Opinion
2013-04-17
Lynn W.L. Fahey, New York, N.Y. (Erica Horwitz of counsel), for appellant. Charles J. Hynes, District Attorney, Brooklyn, N.Y. (Leonard Joblove and Maria Park of counsel; Gregory Musso on the memorandum), for respondent.
Lynn W.L. Fahey, New York, N.Y. (Erica Horwitz of counsel), for appellant. Charles J. Hynes, District Attorney, Brooklyn, N.Y. (Leonard Joblove and Maria Park of counsel; Gregory Musso on the memorandum), for respondent.

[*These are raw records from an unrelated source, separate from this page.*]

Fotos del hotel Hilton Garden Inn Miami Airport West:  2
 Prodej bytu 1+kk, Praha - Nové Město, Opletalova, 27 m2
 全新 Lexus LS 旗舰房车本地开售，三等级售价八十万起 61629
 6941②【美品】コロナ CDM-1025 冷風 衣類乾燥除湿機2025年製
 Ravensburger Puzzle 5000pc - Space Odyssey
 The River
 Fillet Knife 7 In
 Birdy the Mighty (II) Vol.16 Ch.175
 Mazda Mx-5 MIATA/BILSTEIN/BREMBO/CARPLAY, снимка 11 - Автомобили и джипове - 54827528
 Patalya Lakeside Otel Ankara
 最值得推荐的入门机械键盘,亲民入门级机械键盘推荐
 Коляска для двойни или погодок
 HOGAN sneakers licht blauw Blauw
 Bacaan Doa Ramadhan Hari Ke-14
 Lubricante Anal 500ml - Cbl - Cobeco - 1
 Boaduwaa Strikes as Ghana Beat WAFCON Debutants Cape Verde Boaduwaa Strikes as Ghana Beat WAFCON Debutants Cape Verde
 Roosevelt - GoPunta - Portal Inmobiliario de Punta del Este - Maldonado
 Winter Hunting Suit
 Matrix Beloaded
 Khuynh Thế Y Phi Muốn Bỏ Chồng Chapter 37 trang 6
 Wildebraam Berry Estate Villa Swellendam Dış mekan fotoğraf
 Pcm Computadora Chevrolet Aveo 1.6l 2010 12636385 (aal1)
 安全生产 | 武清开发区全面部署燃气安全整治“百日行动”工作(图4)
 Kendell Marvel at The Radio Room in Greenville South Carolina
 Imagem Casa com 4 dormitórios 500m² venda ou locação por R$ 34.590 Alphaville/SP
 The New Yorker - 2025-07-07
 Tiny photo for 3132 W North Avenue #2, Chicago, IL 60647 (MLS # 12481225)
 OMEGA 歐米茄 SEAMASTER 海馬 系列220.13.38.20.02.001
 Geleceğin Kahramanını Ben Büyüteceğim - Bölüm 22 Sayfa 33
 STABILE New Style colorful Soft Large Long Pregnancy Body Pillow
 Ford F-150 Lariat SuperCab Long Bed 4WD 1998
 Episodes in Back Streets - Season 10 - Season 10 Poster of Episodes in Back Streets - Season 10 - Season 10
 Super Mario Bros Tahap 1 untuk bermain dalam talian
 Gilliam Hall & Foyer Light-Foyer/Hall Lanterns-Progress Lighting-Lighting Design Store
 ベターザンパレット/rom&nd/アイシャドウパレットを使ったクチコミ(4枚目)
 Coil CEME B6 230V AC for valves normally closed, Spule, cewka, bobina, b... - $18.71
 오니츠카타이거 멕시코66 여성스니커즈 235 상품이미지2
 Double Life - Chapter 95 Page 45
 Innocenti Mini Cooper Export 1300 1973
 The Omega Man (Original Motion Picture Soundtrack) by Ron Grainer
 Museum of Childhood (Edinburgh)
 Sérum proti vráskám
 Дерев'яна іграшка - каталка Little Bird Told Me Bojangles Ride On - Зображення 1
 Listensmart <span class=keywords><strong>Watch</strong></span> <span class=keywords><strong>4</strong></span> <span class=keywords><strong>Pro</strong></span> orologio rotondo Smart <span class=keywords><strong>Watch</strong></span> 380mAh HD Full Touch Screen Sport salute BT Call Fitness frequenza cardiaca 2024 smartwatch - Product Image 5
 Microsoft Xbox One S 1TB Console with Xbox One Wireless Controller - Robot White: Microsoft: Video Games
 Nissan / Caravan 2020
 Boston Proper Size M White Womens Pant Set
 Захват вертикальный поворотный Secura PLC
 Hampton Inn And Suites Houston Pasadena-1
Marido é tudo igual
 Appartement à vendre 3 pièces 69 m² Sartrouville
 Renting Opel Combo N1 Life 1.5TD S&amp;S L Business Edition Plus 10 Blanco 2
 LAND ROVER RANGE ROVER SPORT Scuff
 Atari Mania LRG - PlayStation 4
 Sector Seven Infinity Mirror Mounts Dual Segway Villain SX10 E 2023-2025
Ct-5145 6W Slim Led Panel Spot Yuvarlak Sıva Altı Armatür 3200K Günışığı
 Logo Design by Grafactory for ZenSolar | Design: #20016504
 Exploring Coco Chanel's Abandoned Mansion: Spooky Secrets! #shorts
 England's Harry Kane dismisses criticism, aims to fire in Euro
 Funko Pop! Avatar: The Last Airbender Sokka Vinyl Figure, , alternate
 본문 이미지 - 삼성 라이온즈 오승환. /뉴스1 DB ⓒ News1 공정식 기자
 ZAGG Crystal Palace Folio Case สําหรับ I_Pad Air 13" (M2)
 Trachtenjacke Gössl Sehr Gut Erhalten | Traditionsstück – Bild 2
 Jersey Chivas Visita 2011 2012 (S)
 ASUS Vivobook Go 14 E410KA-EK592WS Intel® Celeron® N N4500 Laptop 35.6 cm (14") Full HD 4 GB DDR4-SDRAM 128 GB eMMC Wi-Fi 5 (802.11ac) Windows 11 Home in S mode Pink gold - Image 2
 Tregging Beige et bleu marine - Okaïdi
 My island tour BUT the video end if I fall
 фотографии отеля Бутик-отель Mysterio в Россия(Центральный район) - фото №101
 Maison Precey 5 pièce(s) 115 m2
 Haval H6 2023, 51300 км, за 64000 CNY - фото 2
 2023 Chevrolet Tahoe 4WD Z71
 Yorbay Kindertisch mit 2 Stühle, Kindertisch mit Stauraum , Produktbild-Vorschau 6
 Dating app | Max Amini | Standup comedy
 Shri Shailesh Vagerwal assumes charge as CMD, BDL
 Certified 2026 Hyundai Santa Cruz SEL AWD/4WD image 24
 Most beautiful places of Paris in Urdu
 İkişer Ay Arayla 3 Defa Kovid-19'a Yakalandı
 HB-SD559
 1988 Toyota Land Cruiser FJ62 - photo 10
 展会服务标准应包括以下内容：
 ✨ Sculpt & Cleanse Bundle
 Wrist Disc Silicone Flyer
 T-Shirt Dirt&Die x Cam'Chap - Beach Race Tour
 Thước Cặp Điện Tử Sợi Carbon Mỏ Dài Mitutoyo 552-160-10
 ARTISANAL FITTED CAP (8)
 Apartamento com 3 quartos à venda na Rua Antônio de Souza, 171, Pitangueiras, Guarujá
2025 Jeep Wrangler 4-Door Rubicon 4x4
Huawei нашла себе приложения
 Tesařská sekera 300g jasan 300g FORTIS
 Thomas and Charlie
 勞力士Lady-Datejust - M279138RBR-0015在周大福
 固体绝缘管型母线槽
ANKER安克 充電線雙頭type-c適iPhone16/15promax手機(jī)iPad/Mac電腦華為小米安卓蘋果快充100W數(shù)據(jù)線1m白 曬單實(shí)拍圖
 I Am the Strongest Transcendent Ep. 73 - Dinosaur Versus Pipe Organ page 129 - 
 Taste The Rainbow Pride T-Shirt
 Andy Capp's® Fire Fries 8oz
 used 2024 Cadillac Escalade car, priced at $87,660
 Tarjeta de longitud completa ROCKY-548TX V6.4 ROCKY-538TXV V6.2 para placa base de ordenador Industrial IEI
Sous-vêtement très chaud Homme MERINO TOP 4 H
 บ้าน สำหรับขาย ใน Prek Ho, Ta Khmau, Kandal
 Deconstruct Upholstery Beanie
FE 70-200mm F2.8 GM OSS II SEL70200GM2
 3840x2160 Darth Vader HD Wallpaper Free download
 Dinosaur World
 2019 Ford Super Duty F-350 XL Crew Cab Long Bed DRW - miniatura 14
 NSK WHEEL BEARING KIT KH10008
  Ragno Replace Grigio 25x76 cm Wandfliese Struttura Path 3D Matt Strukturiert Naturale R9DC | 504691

Appeal by the defendant from a sentence of the Supreme Court, Kings County (DiMango, J.), imposed February 16, 2011, on the ground that the sentence is excessive.
ORDERED that the sentence is affirmed.
The defendant's purported waiver of the right to appeal is invalid because the Supreme Court, in explaining the right to appeal, “lump[ed]” it with the rights automatically surrendered by entry of a plea of guilty ( People v. Lopez, 6 N.Y.3d 248, 257, 811 N.Y.S.2d 623, 844 N.E.2d 1145). Further, the executed waiver form did not cure the error because even though that form explained that the right to appeal was indeed separate from other enumerated rights, the court failed to ensure that the defendant had read it and was aware of its contents ( see People v. Elmer, 19 N.Y.3d 501, 510, 950 N.Y.S.2d 77, 973 N.E.2d 172;People v. Bradshaw, 18 N.Y.3d 257, 262, 938 N.Y.S.2d 254, 961 N.E.2d 645;People v. Alston, 101 A.D.3d 1672, 1673, 956 N.Y.S.2d 757).
However, the sentence imposed was not excessive ( see People v. Suitte, 90 A.D.2d 80, 455 N.Y.S.2d 675).